Task statement:
Within the records below, find the line with "AndyWiilliams online show" and the line with "Homme portant des", then reproduce exactly those two lines and all lines between them, without any picture.

Records to use:
□ □ □
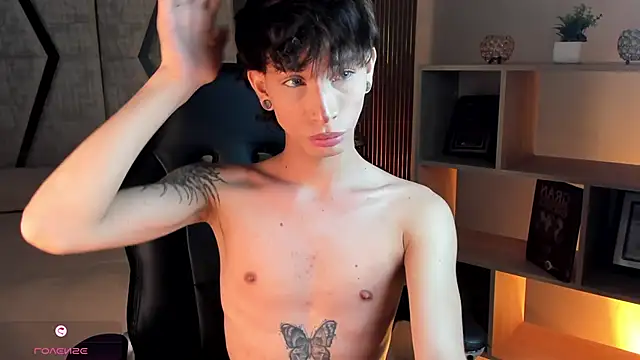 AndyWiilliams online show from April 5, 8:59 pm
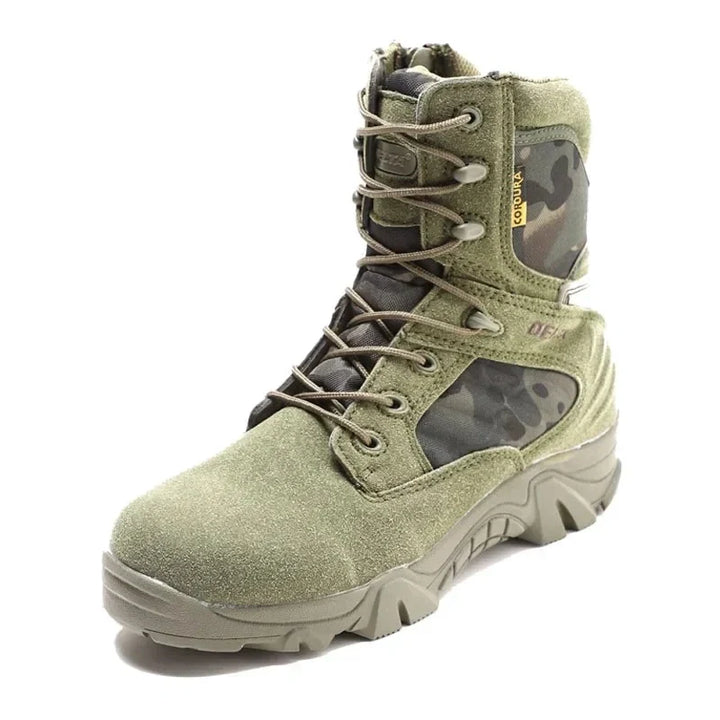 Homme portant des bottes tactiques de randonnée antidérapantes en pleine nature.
□ □ □
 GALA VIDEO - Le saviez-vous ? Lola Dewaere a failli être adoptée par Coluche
□ □ □
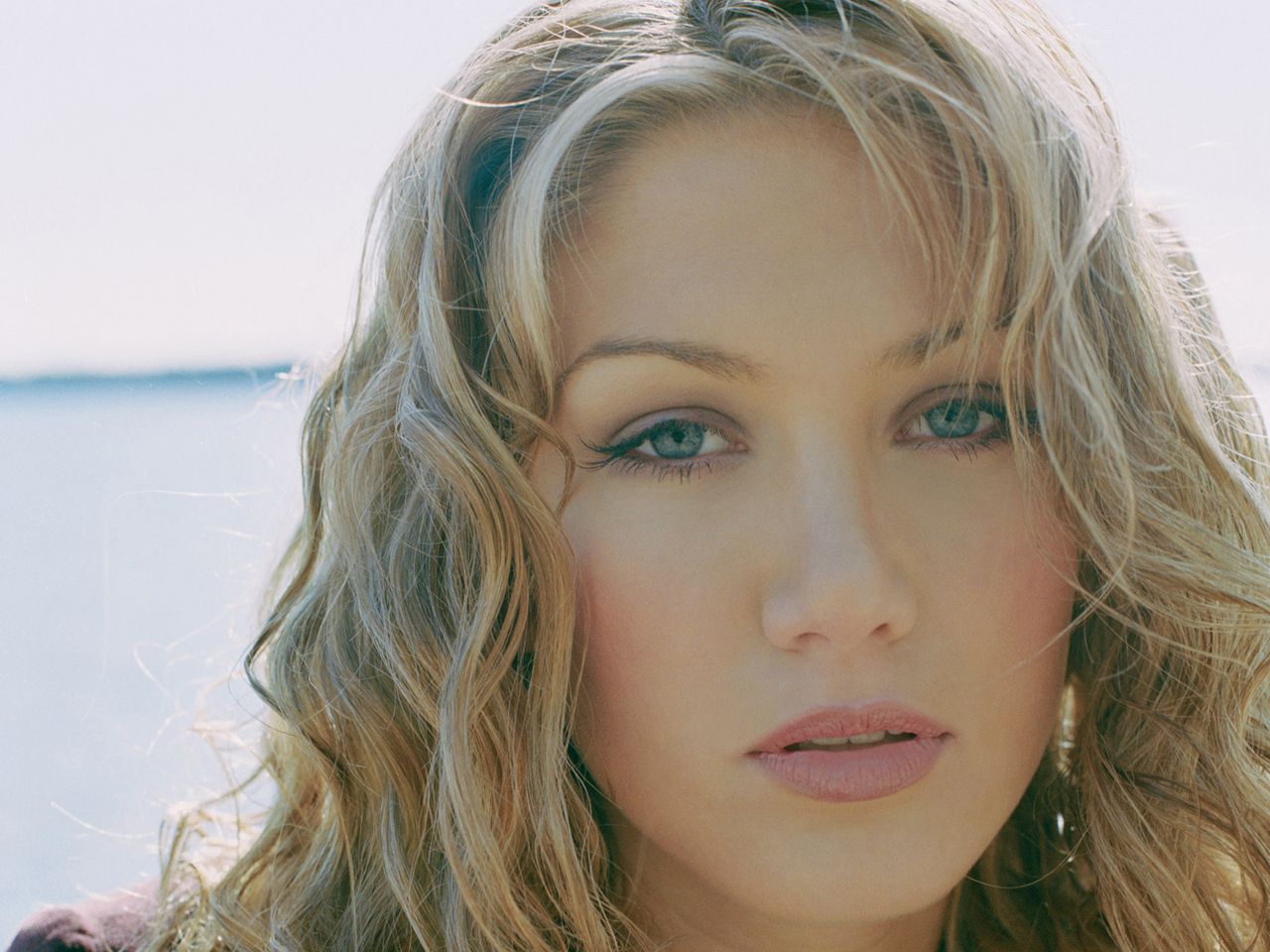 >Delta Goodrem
□ □ □
Answer section:
 AndyWiilliams online show from April 5, 8:59 pm
 Homme portant des bottes tactiques de randonnée antidérapantes en pleine nature.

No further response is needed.